## [Task objective]
Could you copy exactly the lines below from the one with "ricbasic Standard-Reduzierring glatt" to the one with "STROKES/ANGLES/RCA 88697-53472-2-RE1 CD", inclusive, leaving out any pictures?

## [Material for this task]
Content starts
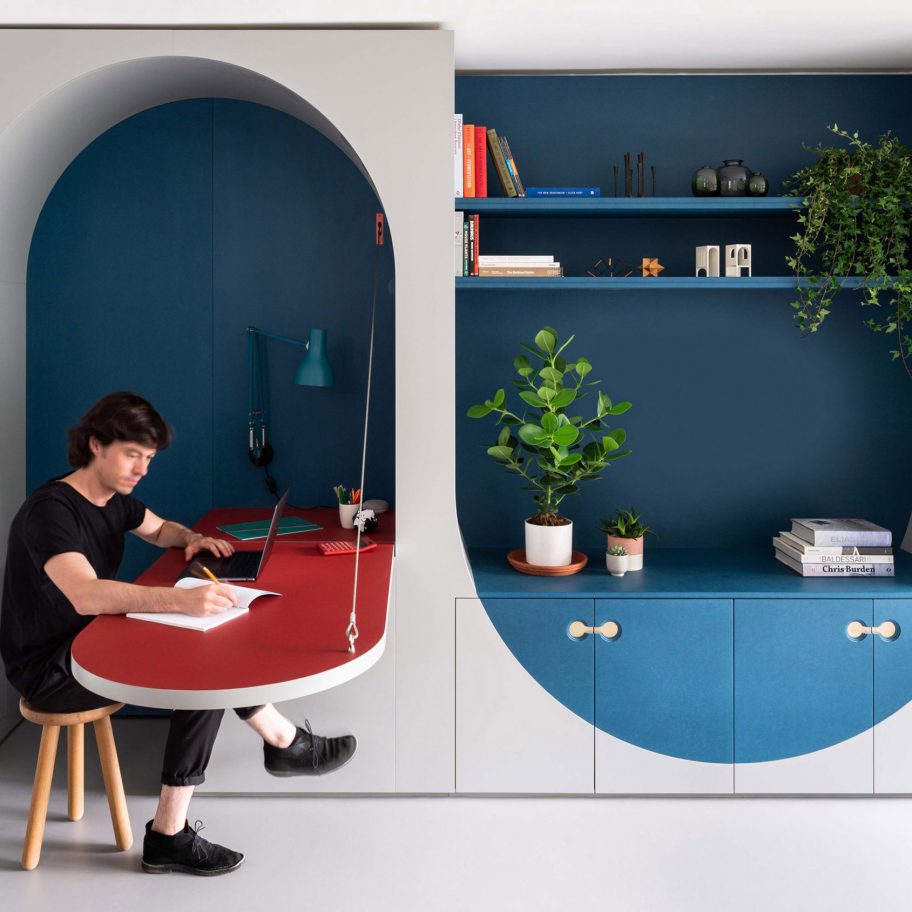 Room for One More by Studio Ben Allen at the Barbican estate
Content ends
Content starts
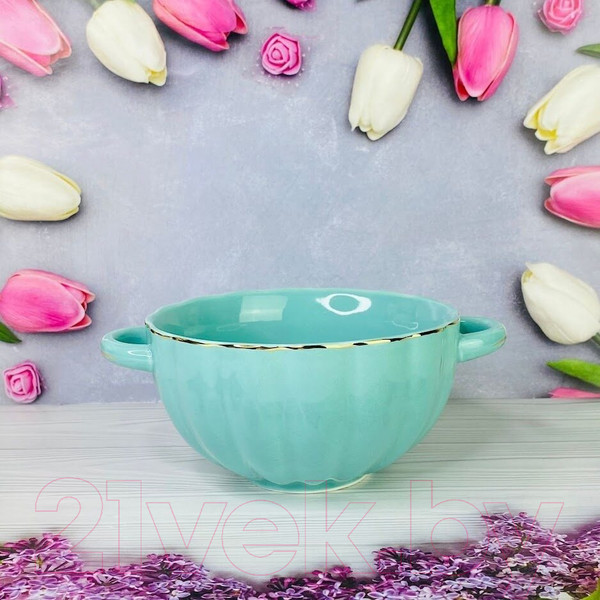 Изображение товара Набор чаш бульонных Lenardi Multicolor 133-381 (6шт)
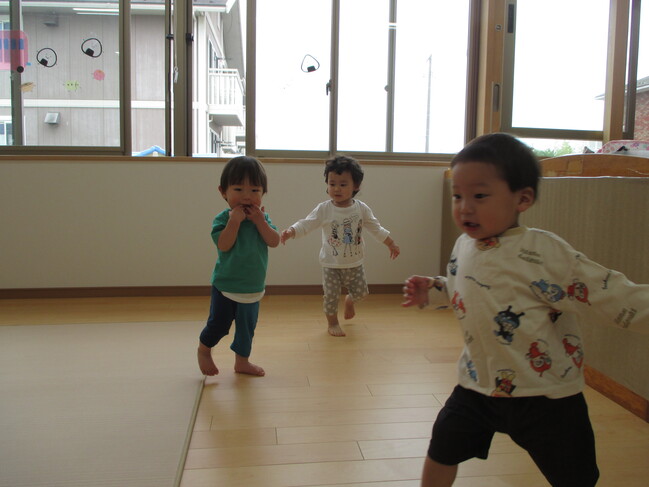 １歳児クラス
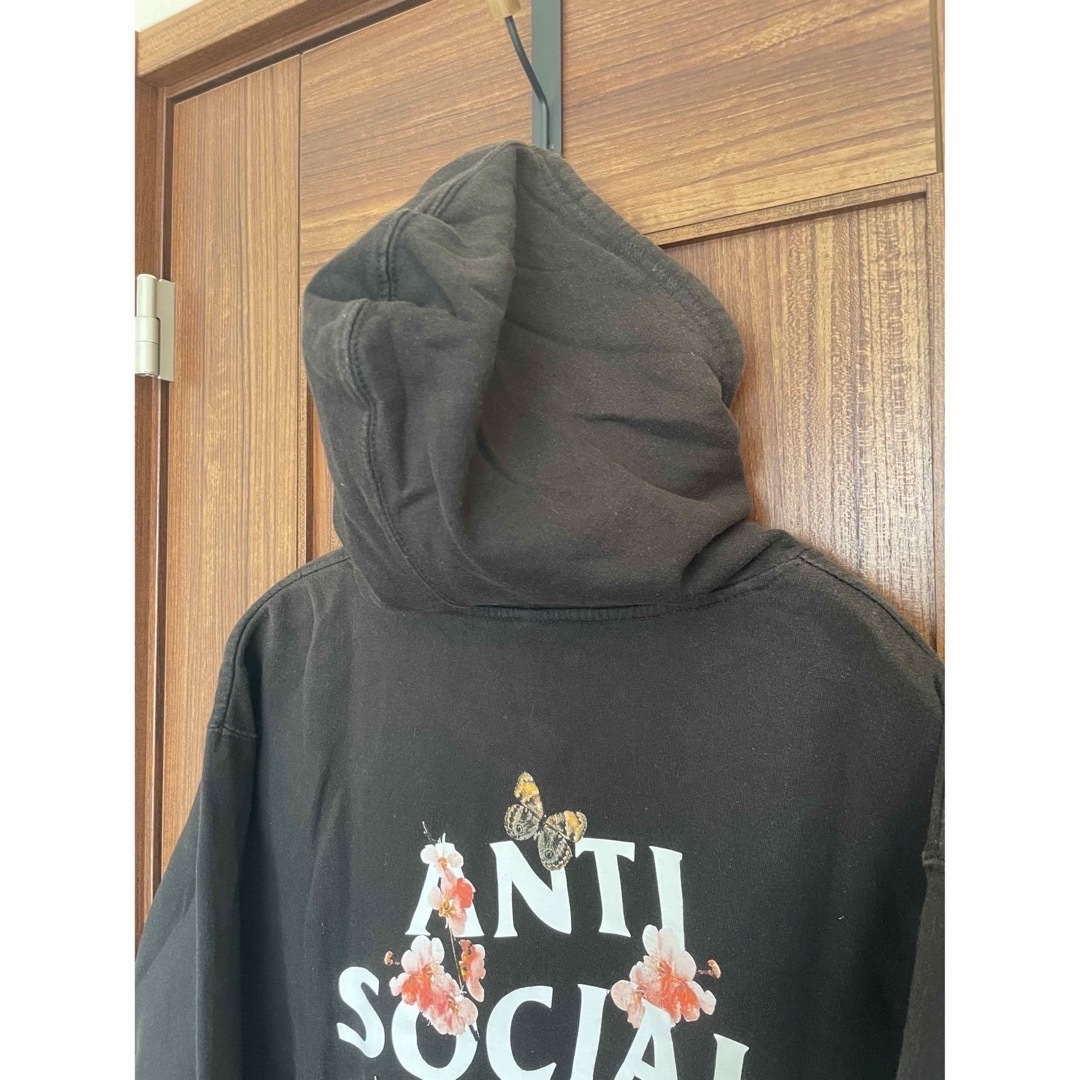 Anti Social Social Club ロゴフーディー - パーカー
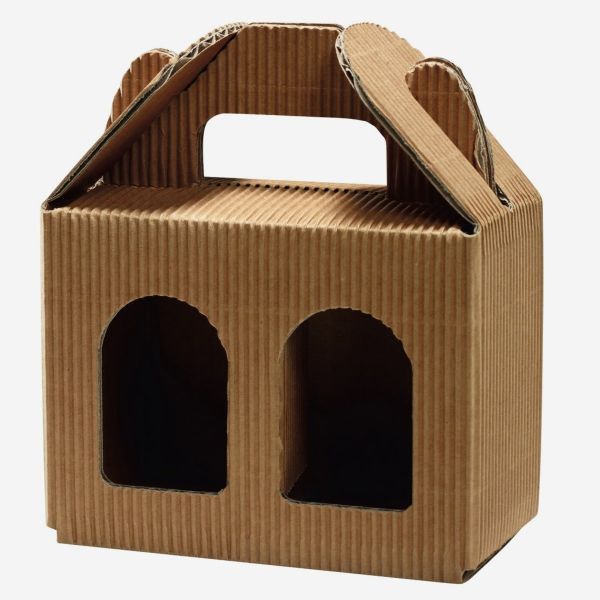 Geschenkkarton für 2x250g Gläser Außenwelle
Content ends
Content starts
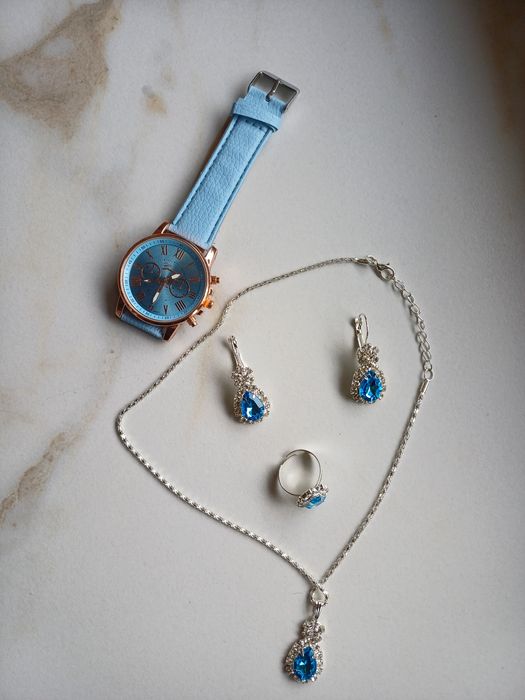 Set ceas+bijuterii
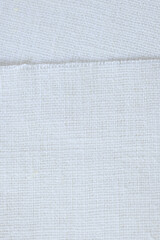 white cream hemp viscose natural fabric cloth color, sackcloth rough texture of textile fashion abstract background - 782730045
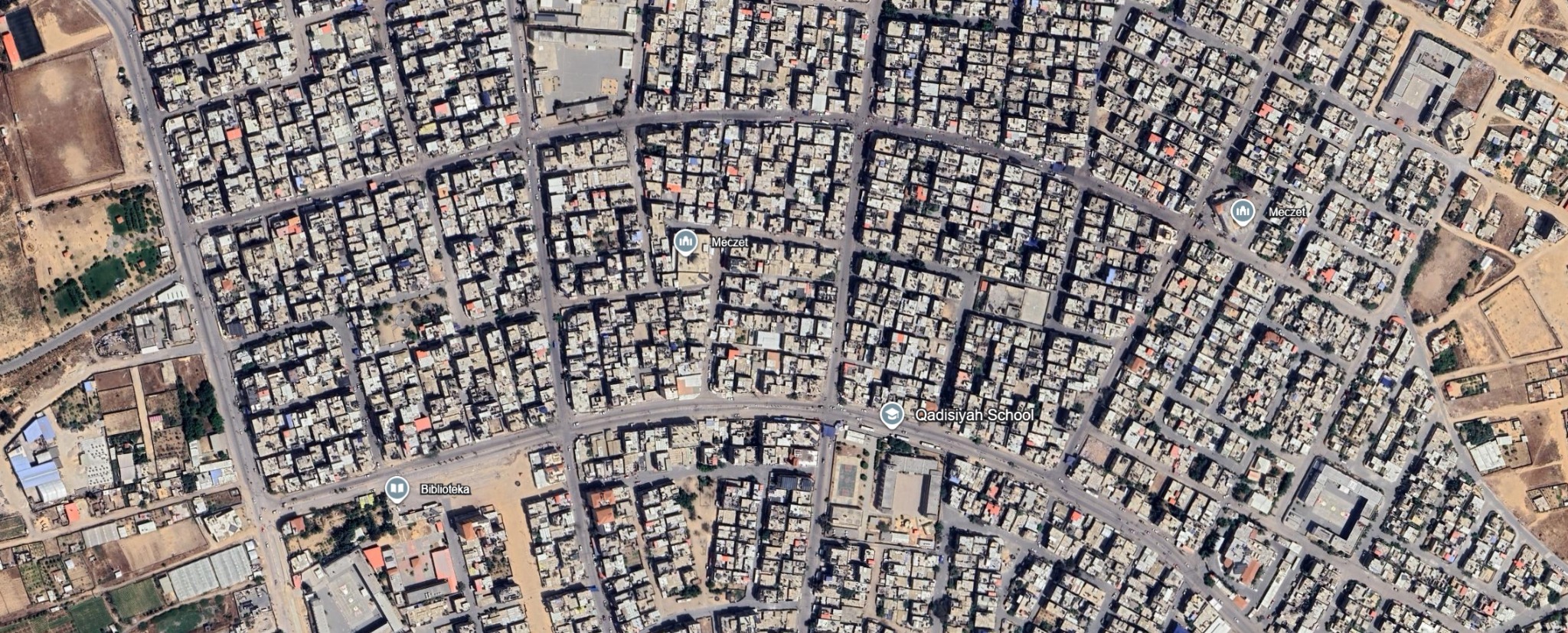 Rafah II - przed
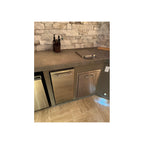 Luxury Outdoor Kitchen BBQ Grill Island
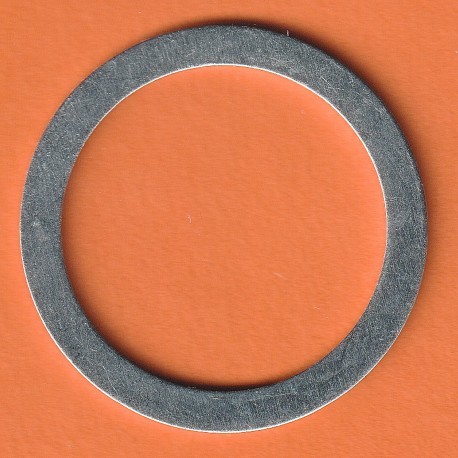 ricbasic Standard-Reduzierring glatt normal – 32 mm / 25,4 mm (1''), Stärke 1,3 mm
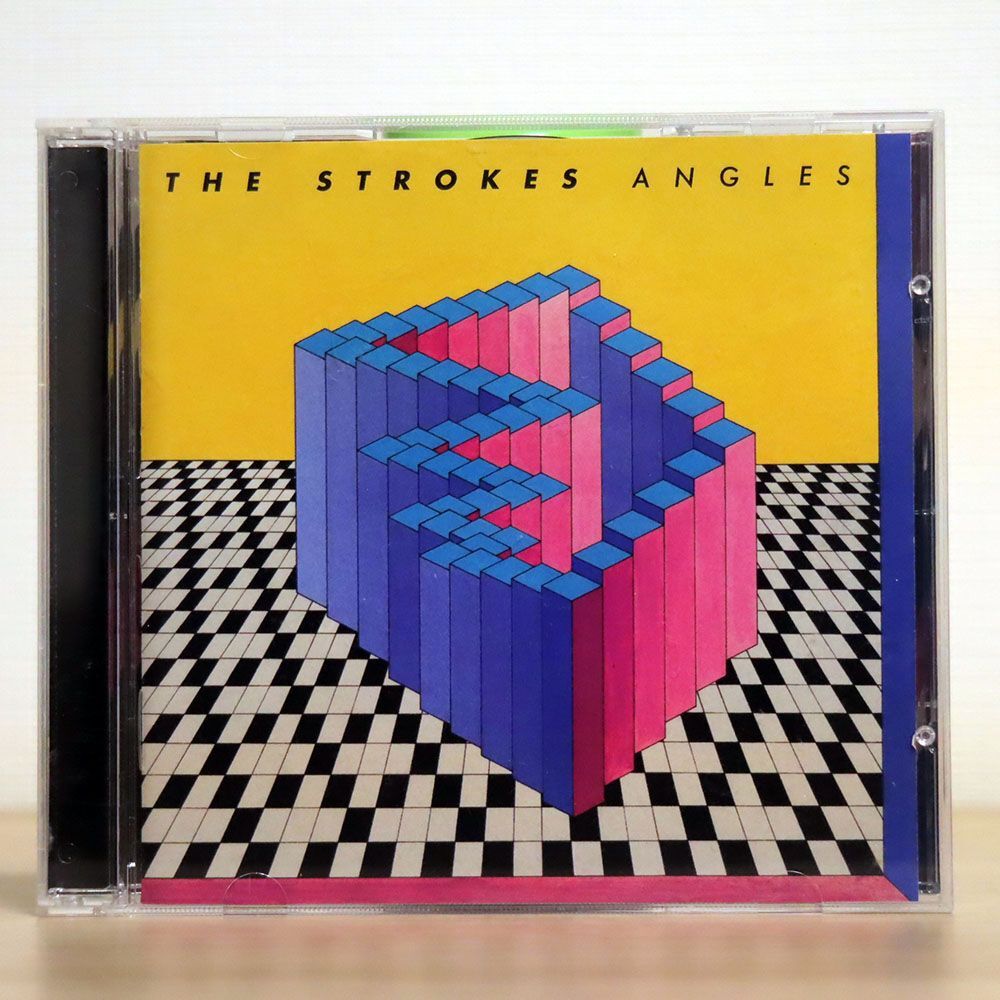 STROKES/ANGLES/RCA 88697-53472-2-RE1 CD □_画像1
Content ends
## [Solution]
 ricbasic Standard-Reduzierring glatt normal – 32 mm / 25,4 mm (1''), Stärke 1,3 mm
 STROKES/ANGLES/RCA 88697-53472-2-RE1 CD □_画像1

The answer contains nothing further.